NOTE: a brief description for using syntax in SPSS/Windows follows.
In SPSS for Windows, choose the FILE menu, and then NEW and then SPSS
SYNTAX. A syntax window will open, allowing you to directly program SPSS
rather than using the menus. Type in the code, highlight the lines you
wish to run, and press the "run" button at the top of the
screen (a little black arrow pointing right). Pressing the control and R
keys simultaneously will also run the selected text. The output window
will open to show your output. Be sure you save your syntax window
separately (syntax windows will automatically be given the suffix
".sps"). With the syntax window as the active window, choose
the FILE menu, then SAVE SPSS SYNTAX.
1. Select the variables with which you would like to work. Note
whether each variable is categorical or continuous.
SAS: data libref1.newdata; set libref2.origdata (keep=variables);
OR (if you are keeping more variables than you are dropping):
data libref1.newdata; set libref2.origdata (drop=variables);
SPSS: GET FILE='path\filename' /KEEP = variablename1 variablename2
variablename3. EXECUTE.
Note: Use the "DROP" command instead of "KEEP" if
you are retaining most of the variables in the file. See page 338 in the
SPSS 6.1 Syntax Reference Guide for more information.

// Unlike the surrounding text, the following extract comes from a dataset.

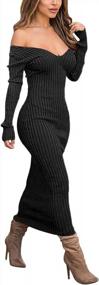 img 1 attached to PerZeal Women's Seductive Off Shoulder Long Sleeve Bodycon Sweater Dress - Slim Knit Ribbed Design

2. Run a frequency on each categorical variable and univariate
statistics on each continuous variable.
a) CATEGORICAL VARIABLES
SAS: proc freq; tables variables /missing; run;
SPSS: FREQUENCIES VARIABLES= variablename1 variablename2
variablename3.
b) CONTINUOUS VARIABLES
SAS: proc univariate plot; var variables; run; SPSS: DESCRIPTIVES
VARIABLES=variablename /FORMAT=LABELS NOINDEX /STATISTICS=MEAN SUM
STDDEV VARIANCE RANGE MIN MAX SEMEAN KURTOSIS SKEWNESS /SORT=MEAN (A) .
3. Look in codebook to note values that refer to missing data.

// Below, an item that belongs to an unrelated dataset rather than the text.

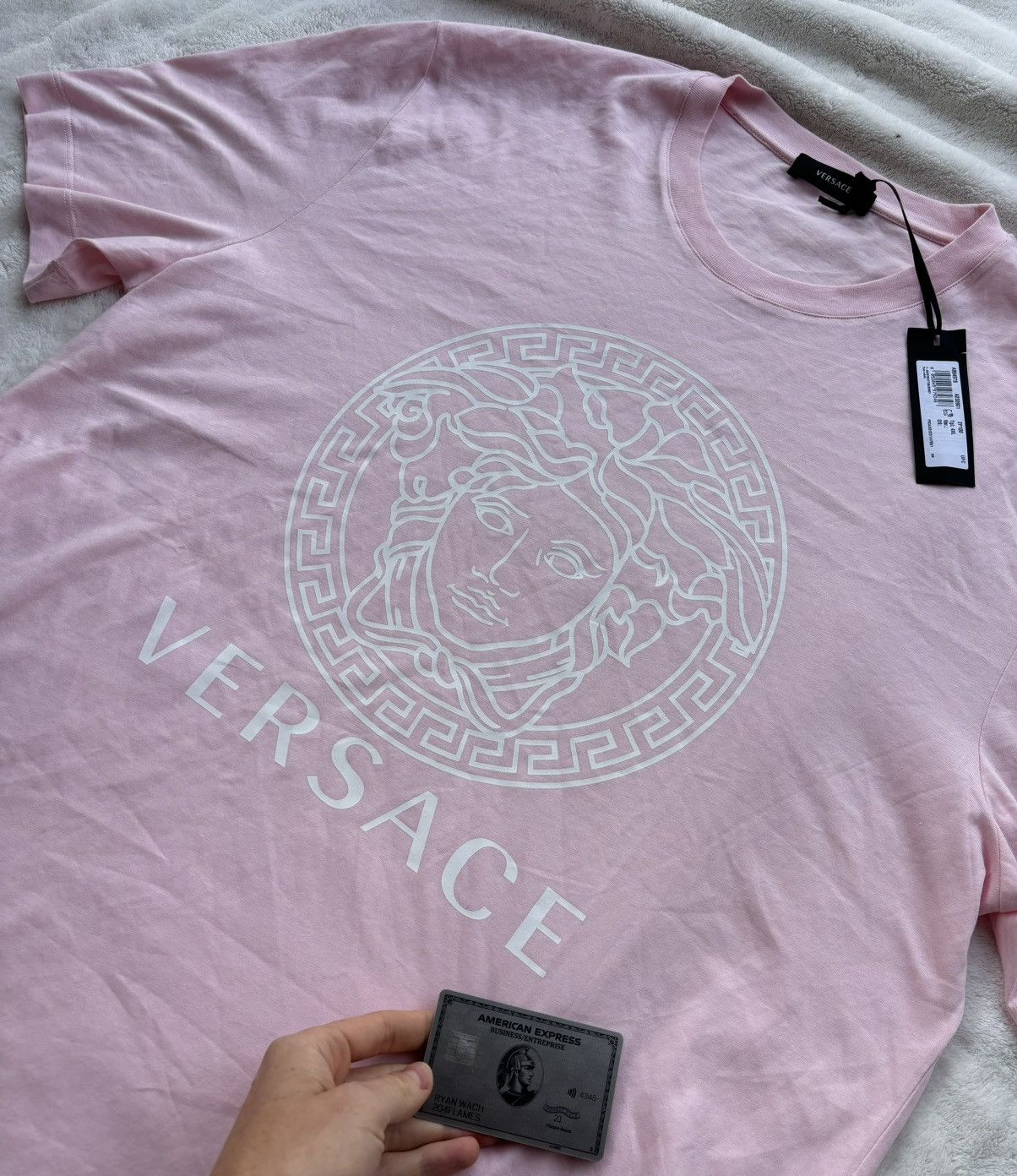 Versace Versace Pink/White Medusa Head Tee Size US XXL / EU 58 / 5 - 2 Thumbnail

If you wish to exclude these values (e.g., 99) from analysis, recode
them to system missing:
SAS: if variable =99 then variable =. ;
SPSS: RECODE variablename (99=SYSMIS) . EXECUTE .
4. Look at distributions
a) CATEGORICAL VARIABLES: Is the number of cases in each category
large enough to allow comparisons? If not, consider lumping categories
(be sure to create a new variable to prevent overwriting the old
information):
SAS: newvariable=oldvariable; if newvariable=value1 or newvariable=value2
then newvariable=value3;
SPSS: RECODE variablename (1 thru 3=1) (4 thru 5=2) INTO
newvariablename . EXECUTE .
b) CONTINUOUS VARIABLES: 1) Is the distribution normal? If not, and
normality is assumed for the statistical procedure you plan on using,
transform the variable (LOG, etc.) and recheck the transformed variable
for normality.
SAS: newvariable =log(oldvariable);
SPSS: COMPUTE newvariable=LN(oldvariablename). EXECUTE.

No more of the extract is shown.